Notice of Pre-AIA or AIA Status
The present application, filed on or after March 16, 2013, is being examined under the first inventor to file provisions of the AIA .
Claim Objections
Claim 6 is objected to because of the following informalities:
The limitation: “third finger position is a closed finger position” should be changed to “second finger position is a closed finger position”, to be consistent with the other limitations of the claim: “first finger position is an open finger position, and the third finger position is between the first finger position and the second finger position”.
Appropriate correction is required.
Claim Rejections - 35 USC § 103
In the event the determination of the status of the application as subject to AIA 35 U.S.C. 102 and 103 (or as subject to pre-AIA 35 U.S.C. 102 and 103) is incorrect, any correction of the statutory basis (i.e., changing from AIA to pre-AIA ) for the rejection will not be considered a new ground of rejection if the prior art relied upon, and the rationale supporting the rejection, would be the same under either status.
The following is a quotation of 35 U.S.C. 103 which forms the basis for all obviousness rejections set forth in this Office action:
A patent for a claimed invention may not be obtained, notwithstanding that the claimed invention is not identically disclosed as set forth in section 102, if the differences between the claimed invention and the prior art are such that the claimed invention as a whole would have been obvious before the effective filing date of the claimed invention to a person having ordinary skill in the art to which the claimed invention pertains. Patentability shall not be negated by the manner in which the invention was made.
Claims 1-3, 5, 9-13, and 18-20 are rejected under 35 U.S.C. 103 as being unpatentable over Bazarevsky et al, (US-PGPUB 20210174519) in view of Hu (US-PGPUB 20200250409)
In regards to claim 1, Bazarevsky discloses an apparatus for classifying a hand
gesture, (see at least: Fig. 1, “hand tracking system 100”), the apparatus comprising:
at least one memory; (2114 in Fig. 21a), and at least one processor, (2112 in Fig. 21a), coupled to the at least one memory and configured to:
determine a classification for the hand gesture, wherein the classification comprises the code associated with the one or more fingers of the hand, (see at least: Par. 0051-0052, the gesture recognition system can associate a gesture detected in an image frame to one or more pre-defined gestures at least in part by mapping the determined set of finger states to a set of pre-defined gestures. By mapping a set of finger states to pre-defined gestures, a system can be customized to a specific set of gestures, [which is technically equivalent to determining a classification for the hand gesture, based on determining specific set of gestures by mapping a set of finger states to pre-defined gestures, wherein the classification comprises the code associated with the one or more fingers of the hand, “the code correspond to the set of finger states”]).

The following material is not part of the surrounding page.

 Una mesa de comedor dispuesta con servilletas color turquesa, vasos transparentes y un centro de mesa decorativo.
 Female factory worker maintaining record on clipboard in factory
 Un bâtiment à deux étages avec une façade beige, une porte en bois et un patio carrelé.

Bazarevsky does not expressly disclose encoding one or more fingers of five fingers of a hand with a code, wherein the determining code corresponding to a position associated with the one or more fingers making the hand gesture.
However, Hu discloses encoding one or more fingers of five fingers of a hand with a code, wherein the determining code corresponding to a position associated with the one or more fingers making the hand gesture, (see at least: Fig. 6, and Par. 0045, each finger position may be encoded by linear position (e.g. x, y, and z coordinates), angular position, or any other coordinate system, [i.e., each finger position may be encoded to finger states (e.g.., hand gesture) based on linear position (e.g. x, y, and z coordinates), angular position, or any other coordinate system]).

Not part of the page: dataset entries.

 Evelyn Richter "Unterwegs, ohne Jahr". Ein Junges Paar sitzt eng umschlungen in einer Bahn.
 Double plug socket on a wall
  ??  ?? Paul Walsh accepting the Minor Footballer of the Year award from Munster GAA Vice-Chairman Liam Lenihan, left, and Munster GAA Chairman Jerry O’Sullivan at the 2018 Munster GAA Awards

Bazarevsky and Hu are combinable because they are both concerned with hand gestures recognition. Therefore, it would have been obvious to a person of ordinary skill in the art, to modify Bazarevsky, to encode each finger position to multiple finger positions, as though by Hu, in order to track motion of a hand of a user, (Hu, Par. 0003)
In regards to claim 2, the combine teaching Bazarevsky and Hu as whole discloses the limitations of claim 1.
Bazarevsky further discloses wherein the at least one processor is configured to: receive an image of the hand making the hand gesture, (see at least: Fig. 1, Par. 0065-0066, receiving image frames, and detecting palm of hand from the image frames; [i.e., implicitly receiving an image, “implicit by receiving image frames”, of the hand making the hand gesture, “implicit by imaging hand palm”]); and
determine the code corresponding to the one or more fingers of the hand based on the image, (see at least: Par. 0051, the hand tracking system can include a gesture recognition system that can identify a gesture in an image frame based at least in part on three-dimensional coordinates, where the state of a hand, finger(s), etc. can be derived from the three-dimensional coordinates of a detection and mapped to a set of pre-defined gestures, [i.e., implicitly determine the code corresponding to the one or more fingers of the hand, “state of a fingers”, based on the image, “the image frame that is used for identify a gesture”]).
In regards to claim 3, the combine teaching Bazarevsky and Hu as whole discloses the limitations of claim 1.
Bazarevsky further discloses wherein the at least one processor is configured to perform a function based on the classification of the hand gesture, (see at least: Par. 0051, the hand tracking system can initiate a functionality at one or more computing devices in response to detecting a gesture within one or more image frames, “performing a function based on the classification of the hand gesture”).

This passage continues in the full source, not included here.